→ About this exercise
Repeat exactly every line that comes at or after the line containing "Gurmano Green Peppers", through the end of the entries below.

Collected data
══════

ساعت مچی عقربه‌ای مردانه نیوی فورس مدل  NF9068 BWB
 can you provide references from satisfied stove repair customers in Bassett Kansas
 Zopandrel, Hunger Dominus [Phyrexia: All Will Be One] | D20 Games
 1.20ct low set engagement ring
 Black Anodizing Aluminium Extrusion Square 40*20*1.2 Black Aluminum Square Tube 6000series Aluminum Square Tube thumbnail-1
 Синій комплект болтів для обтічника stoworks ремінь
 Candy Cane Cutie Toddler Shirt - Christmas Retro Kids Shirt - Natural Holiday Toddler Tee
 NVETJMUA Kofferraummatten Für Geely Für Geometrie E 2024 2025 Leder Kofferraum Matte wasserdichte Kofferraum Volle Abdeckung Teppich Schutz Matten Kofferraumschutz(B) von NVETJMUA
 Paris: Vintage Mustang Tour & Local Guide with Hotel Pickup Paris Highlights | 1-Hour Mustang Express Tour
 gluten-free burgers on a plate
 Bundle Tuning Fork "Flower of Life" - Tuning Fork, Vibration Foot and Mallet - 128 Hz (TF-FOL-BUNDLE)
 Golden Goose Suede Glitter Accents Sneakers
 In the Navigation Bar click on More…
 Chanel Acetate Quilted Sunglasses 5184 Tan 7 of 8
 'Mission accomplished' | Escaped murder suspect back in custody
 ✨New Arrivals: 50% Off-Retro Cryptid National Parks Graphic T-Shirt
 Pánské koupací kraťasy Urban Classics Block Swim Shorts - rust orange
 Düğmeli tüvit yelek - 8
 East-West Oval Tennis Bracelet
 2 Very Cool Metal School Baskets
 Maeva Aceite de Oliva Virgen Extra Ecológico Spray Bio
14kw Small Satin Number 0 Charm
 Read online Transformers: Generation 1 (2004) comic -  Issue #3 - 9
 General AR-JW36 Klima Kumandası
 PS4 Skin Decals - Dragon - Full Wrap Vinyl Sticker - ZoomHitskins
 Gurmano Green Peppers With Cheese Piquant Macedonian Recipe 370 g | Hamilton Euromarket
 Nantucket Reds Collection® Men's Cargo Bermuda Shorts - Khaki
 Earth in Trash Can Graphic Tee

══════

→ Finished task
 Gurmano Green Peppers With Cheese Piquant Macedonian Recipe 370 g | Hamilton Euromarket
 Nantucket Reds Collection® Men's Cargo Bermuda Shorts - Khaki
 Earth in Trash Can Graphic Tee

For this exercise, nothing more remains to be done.